Despite this, plenty of stocks are far off their highs. For example:
Marriott International MAR is one of the world’s largest hospitality providers, boasting 8900 properties in 141 countries. The Bethesda, Maryland-based hotelier boasts annual revenues of over $24 billion.
United Airlines UAL, along with American Airlines AAL and Delta Airlines (DAL), is one of the “big three” U.S. passenger carriers. United offers 4500 daily flights to over 300 cities across five continents.
Carnival Corporation CCL is the world’s largest cruise provider. Carnival operates a fleet of over 100 ships across 9 different brands.
Six Flags Entertainment SIX is the second-largest U.S. amusement park operator, and the fourth-largest in the world.
All four travel and leisure-focused companies are among the leaders in their respective areas, and all four have similarly woeful charts.
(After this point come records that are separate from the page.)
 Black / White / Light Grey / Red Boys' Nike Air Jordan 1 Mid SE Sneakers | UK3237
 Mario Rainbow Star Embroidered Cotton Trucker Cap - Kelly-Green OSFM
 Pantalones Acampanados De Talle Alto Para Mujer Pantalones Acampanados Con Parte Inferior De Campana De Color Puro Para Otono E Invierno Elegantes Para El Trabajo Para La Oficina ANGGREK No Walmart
After viewing these charts, you may reconsider owning travel and leisure-related holdings in your portfolio.
After reporting earnings at the end of July, shares of Marriott fell off a cliff (point A). The stock fell below its 50-day (blue) and 200-day (red) moving averages to reach a six month low by August 5 (point B). Those key moving averages now appear ready to cross, a sign of negative momentum (point C).
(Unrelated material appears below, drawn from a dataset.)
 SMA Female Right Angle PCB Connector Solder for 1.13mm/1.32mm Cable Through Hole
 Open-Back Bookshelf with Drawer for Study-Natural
While the stock has been climbing along with the market since its August 5 low, the volume on Marriott’s recent rally is well below the level of turnover that occurred during its selloff (shaded yellow). This is a sign that Marriott’s rally might soon end.
During a press conference following its recent earnings report, Marriott noted a weaker operating environment in China, and suggested that demand in the U.S. and Canada was softening.
Like Marriott, United Airlines provided disappointing forward guidance. United lowered its earnings projection to between $2.75 and $3.25 per share. Analysts were anticipating third quarter earnings at $3.38 per share.
United reached a six-month low on August 5. The stock trades below its key 50-day (blue) and 200-day (red) moving averages, which appear ready to cross (shaded yellow).

Shares of Carnival Corporation lost 27.5% over a nasty two-week stretch. The stock reached a three-month low on August 5, and is trading well below its key 50-day (blue) and 200-day (red) moving averages.

Despite a recent bounce, shares of Six Flags Entertainment have lost over 22% over the past month.

How can we interpret the above four charts, taken together?
Consumers are still suffering from the worst bout of inflation in over forty years. That alone could have a negative impact on all four stocks, and their respective sectors.
In addition, if economic growth is slowing, it would be reasonable to assume this would have a negative impact on hotels and airlines.
It’s also possible that pent-up demand for travel experiences in the wake of the Covid-19 pandemic has finally run its course.
We can speculate about the reasons why these stocks are seemingly falling in tandem, but it's more important to take precautionary measures. I'm closing all positions related to travel and leisure, effective immediately.